An activist group supporting the Purple Line won a legal victory Thursday when the Maryland Court of Special Appeals ruled the Town of Chevy Chase wrongly sought high fees for copies of public documents concerning the town’s fight against the light-rail line.
The court ruled Chevy Chase violated the First Amendment rights of Action Committee for Transit and member Ben Ross of Bethesda. The town charged the fees, the court ruled, because it expected ACT and Ross to criticize the community’s opposition to the Purple Line.
“Any time an agency says to you, ‘We’re not giving you this information because we don’t like you or we don’t like the things you say,’ this case says you lose,” said Elliot Feldman of the Baker Hostetler law firm, who represented ACT and Ross pro bono.
Ross hailed the decision.
“I think it’s a real victory for everyone’s right to public information,” Ross said.
Efforts to reach representatives of the town were unsuccessful.

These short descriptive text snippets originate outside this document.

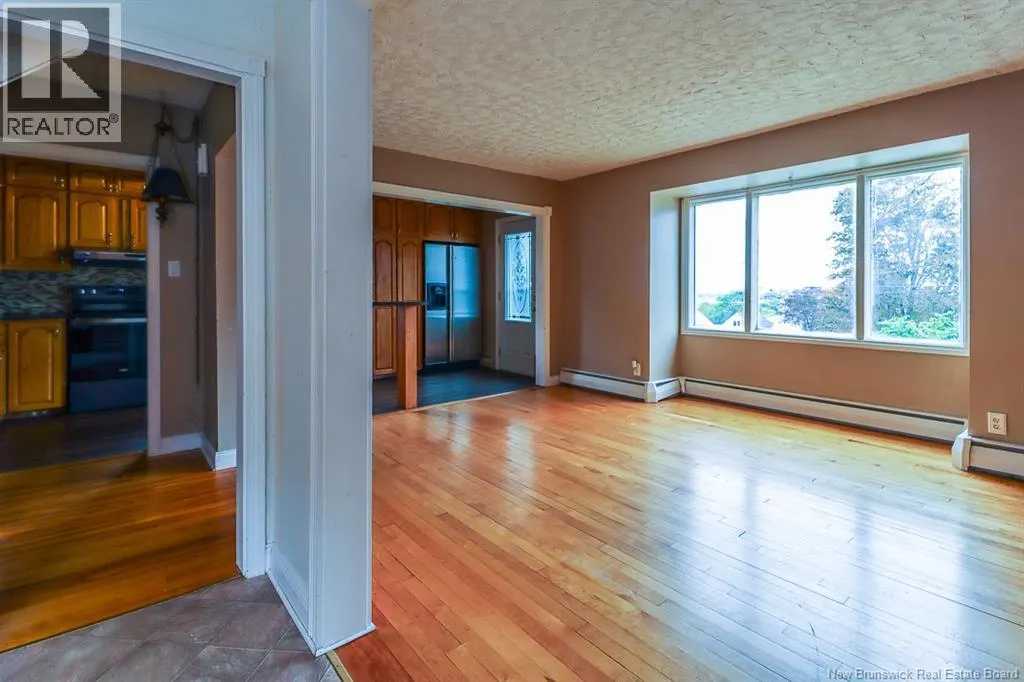 31 Kilburn Avenue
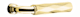 Emtek 8110RATR number 2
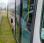 Autocar MAN LIONS CITY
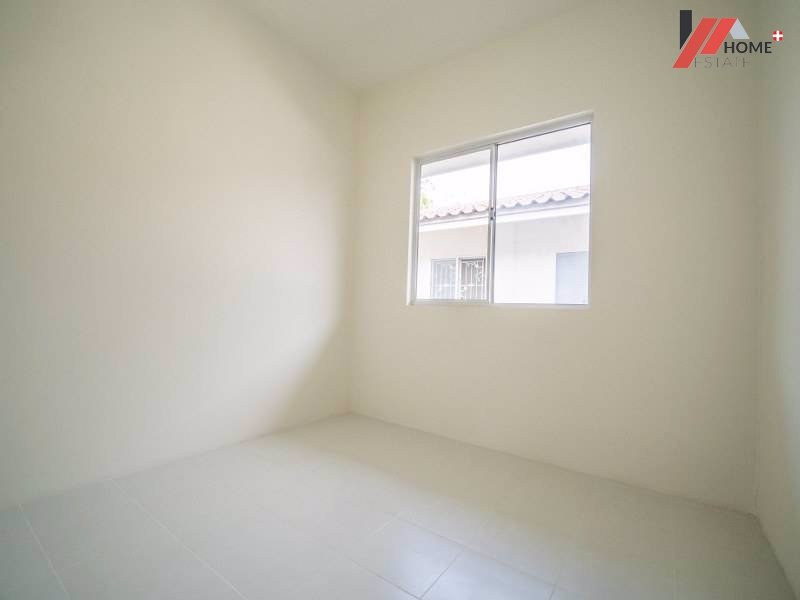 ขายทาวน์เฮาส์-2-ชั้น-พร้อมอยู่-หมู่บ้านพฤกษา-45-บางใหญ่-ใกล้-เซ็นทรัลเวสต์เกท-รถไฟฟ้าสายสีม่วง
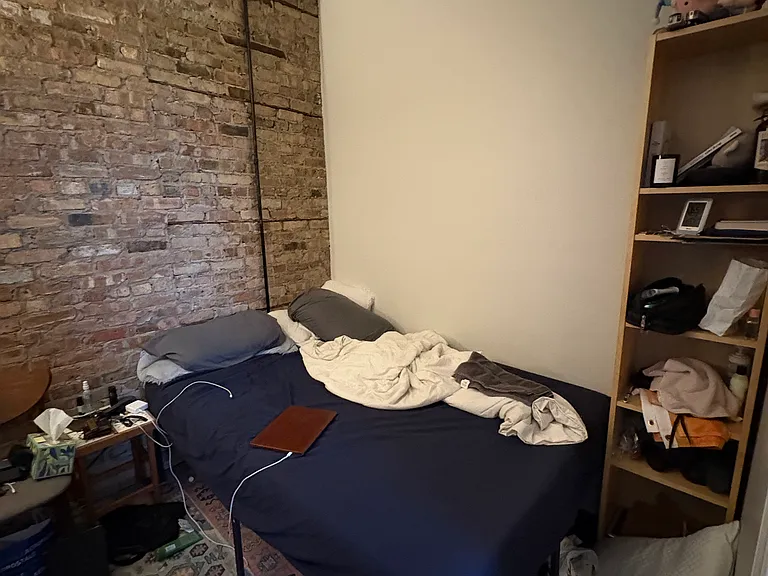 1077 N Paulina St #3 — Photo 17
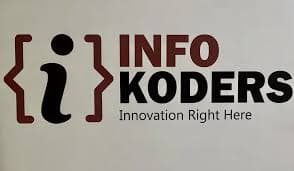 InfoKoders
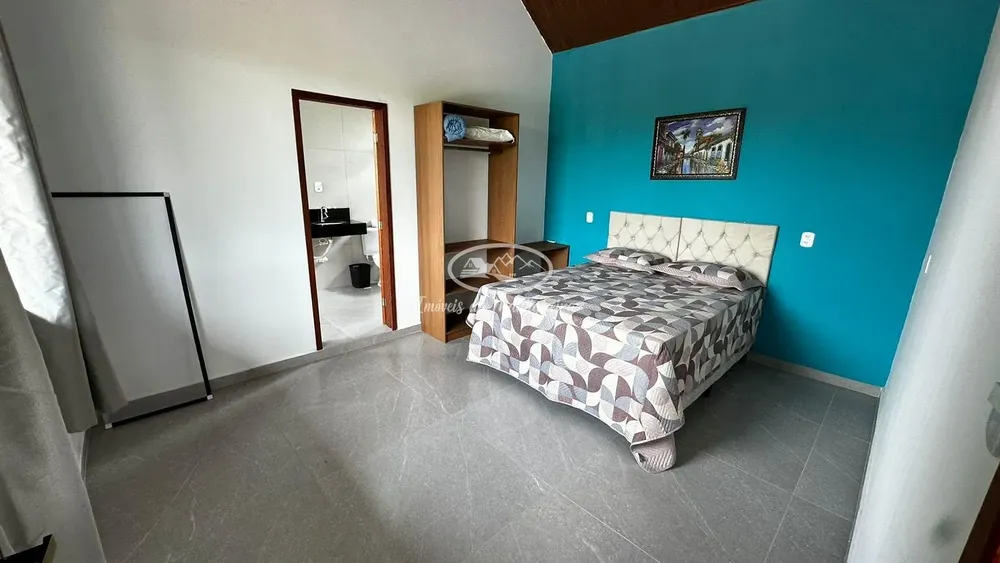 Casa, 3 quartos, 154 m² - Foto 25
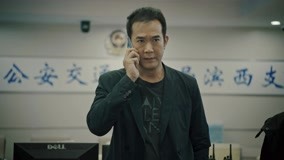 Tập 14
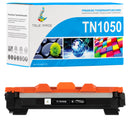 Brother TN1050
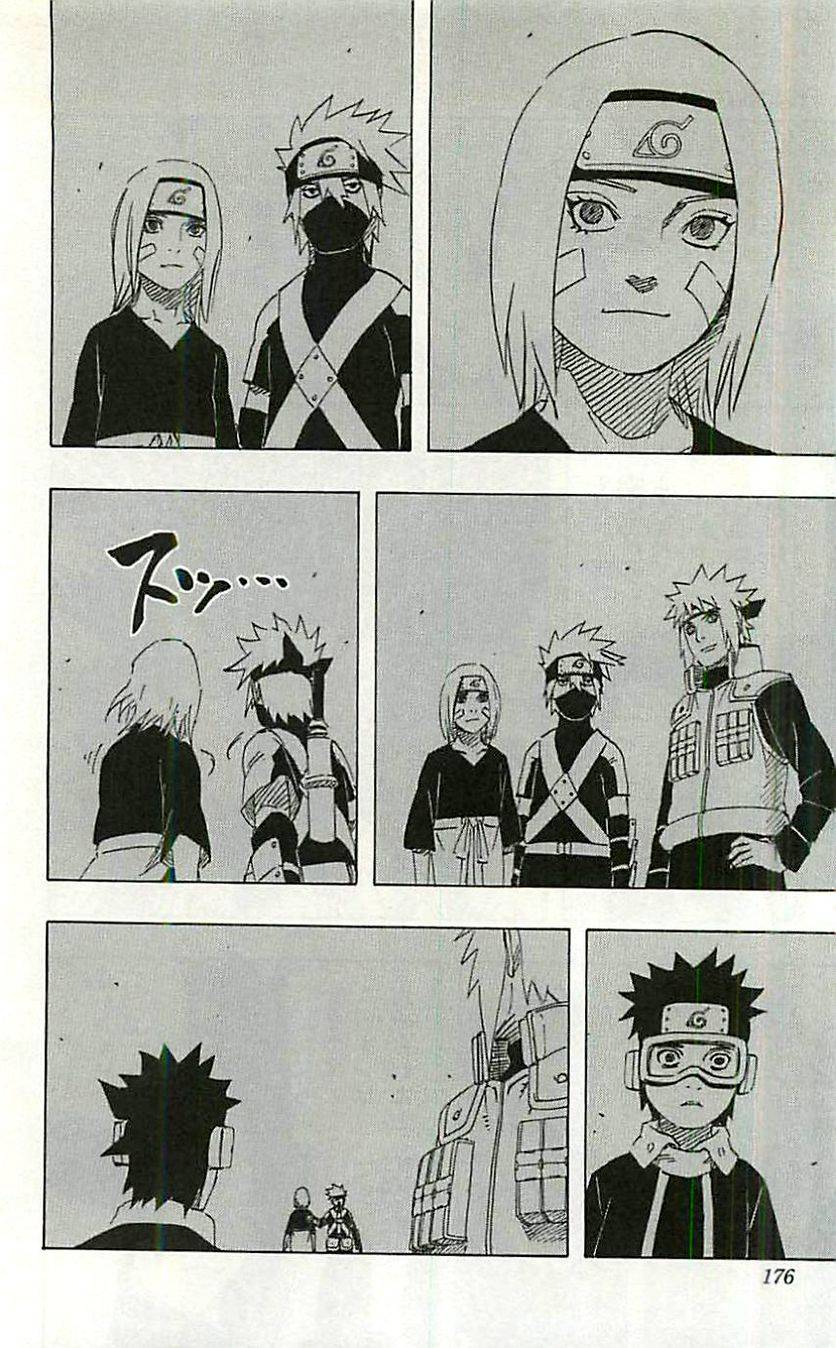 Page 174
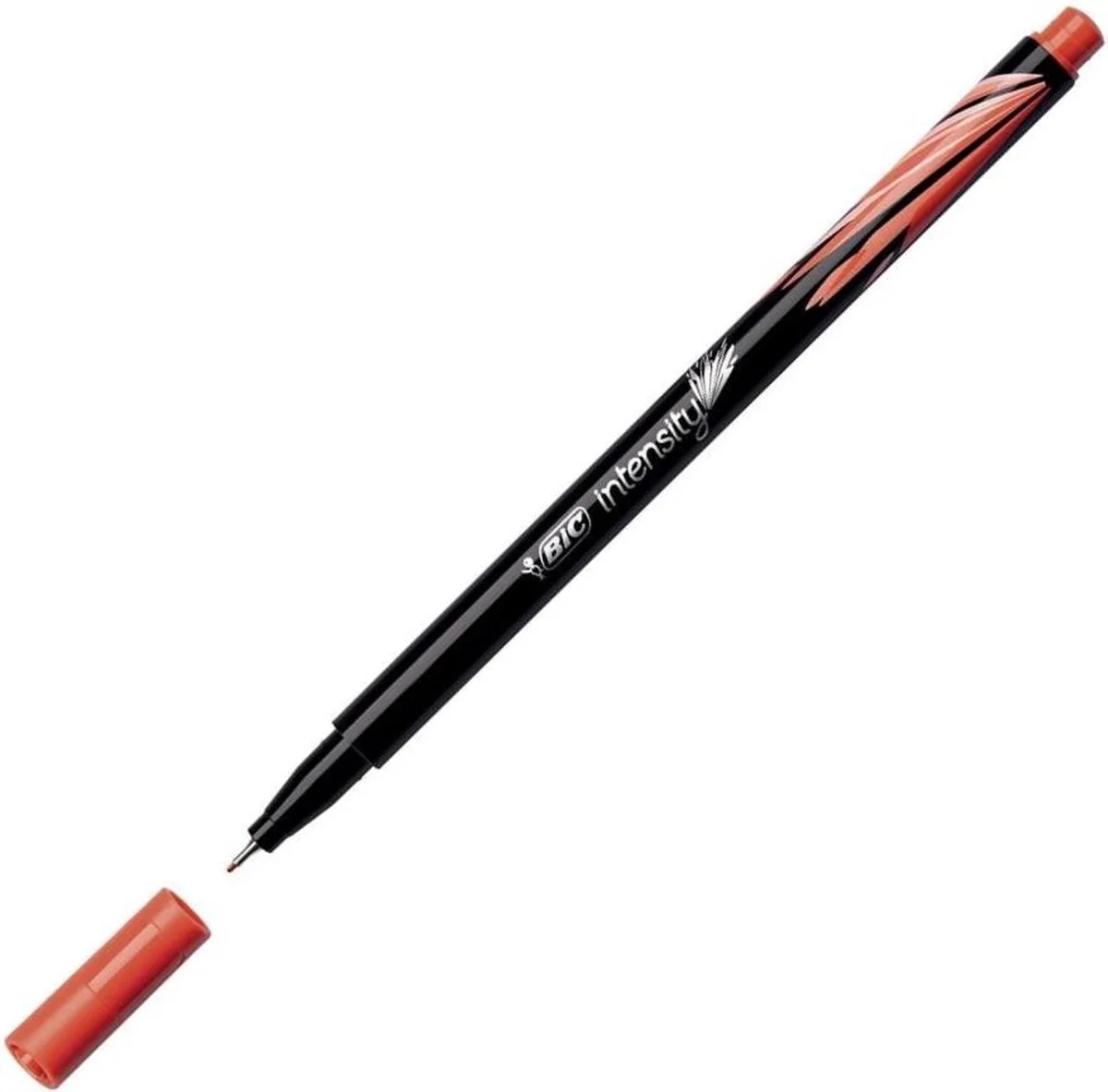 fineliner Intensity van BIC – productfoto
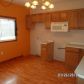 2181 N Menard Ave, Chicago, IL 60639 ID:719121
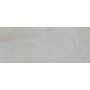 RAGNO CERAMICHE REPLACE ANTRACITE 20X50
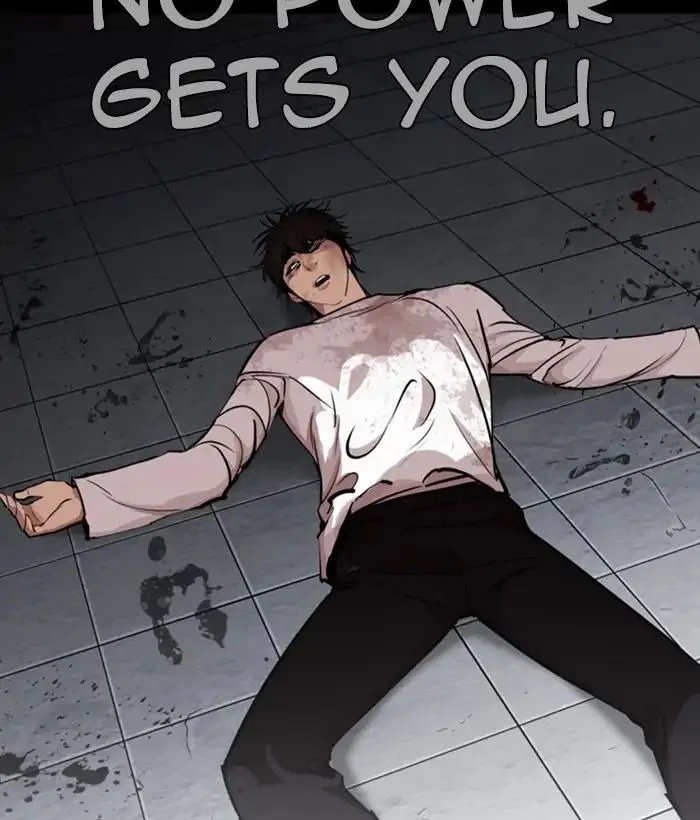 Lookism Chapter 242 Online - página 63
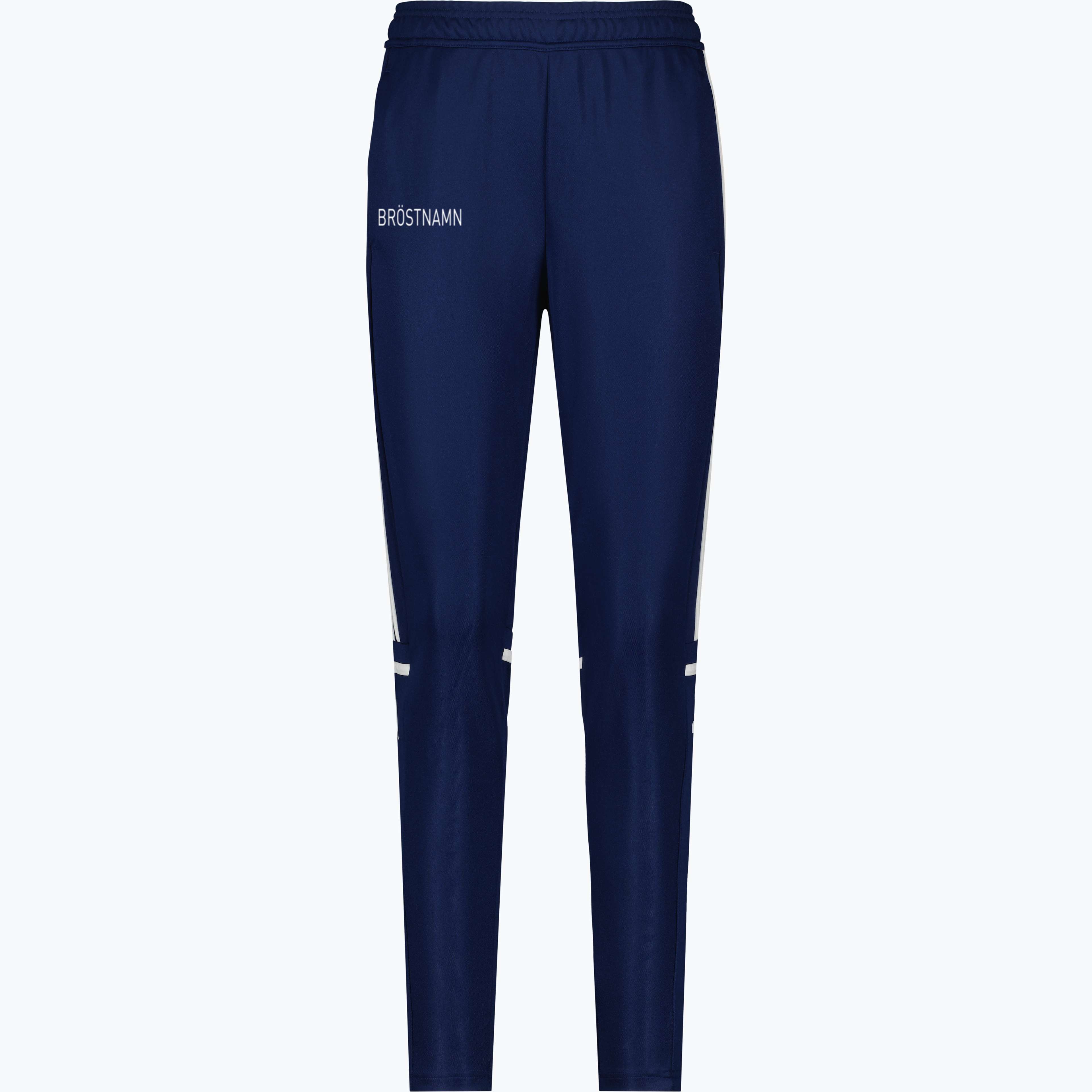 Squadra 25 W träningsbyxor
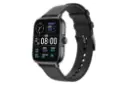 ساعت هوشمند اسمارت بری Smartbarry A59 Plus
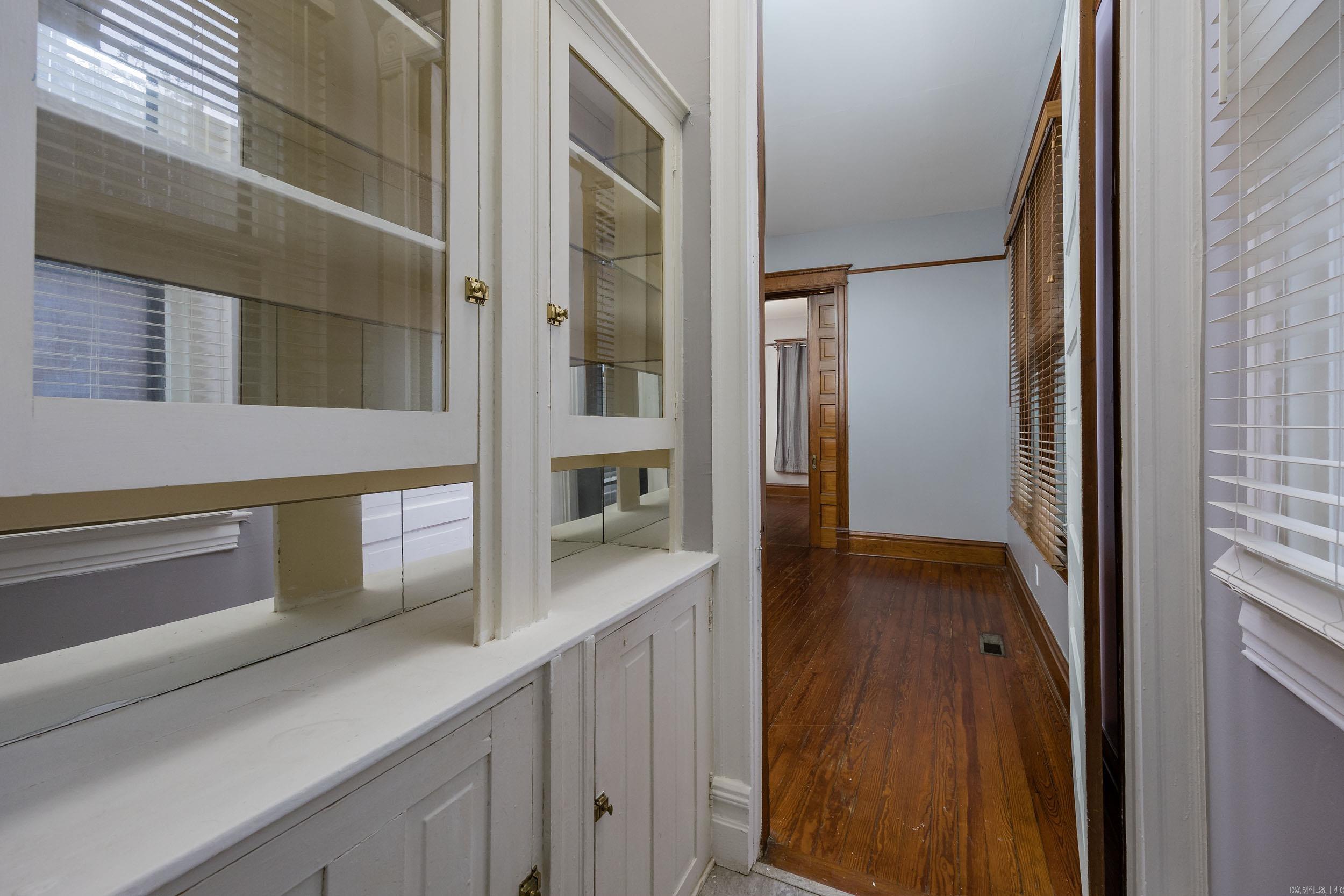 2119 S Scott Street Property Photo 14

In its ruling, the court said that “without belaboring the issue, we agree with appellants that the First Amendment’s guarantee of free expression of speech protects persons from the imposition of financial burdens based upon the content of their speech.”
In early 2014, ACT sought documentation from Chevy Chase about the town’s hiring of legal, lobbying and public relations firms to fight the Purple Line. The multibillion-dollar Purple Line will connect Bethesda with New Carrollton, with stops in Silver Spring and College Park; the route will pass through Chevy Chase. Construction started last month, then a federal judge vacated federal approval of the project and ordered another study of the Purple Line’s ridership forecasts.
Although the town complied with ACT’s first information request, in subsequent requests the town insisted ACT and Ross pay to cover research costs. The Maryland Public Information Act allows government agencies to charge reasonable fees, and they can waive research and copying costs if the requests are deemed to be in the public interest. In January 2015, Ross and the organization appealed the costs in a suit filed in Montgomery County Circuit Court.
On June 30, that court sided with the town.
However, in defending its position, the town claimed ACT and Ross had engaged in a “smear campaign” against the town concerning its Purple Line opposition.
The Special Appeals court’s decision quoted a memorandum from the town that read:
“ACT had posted false accusations against the Town on ACT’s website and had repeatedly attacked the Town because of the Town’s opposition to the proposed Purple Line project, accusing the Town of acting illegally. The Town, like any private citizen, is entitled to take a position on the public issue. … Thus, the Town rightfully disbelieved ACT and Ross’s claims that the request for the fee waiver was in the ‘public interest.’ ”
The Special Appeals court sent the case back to the circuit court for further proceedings.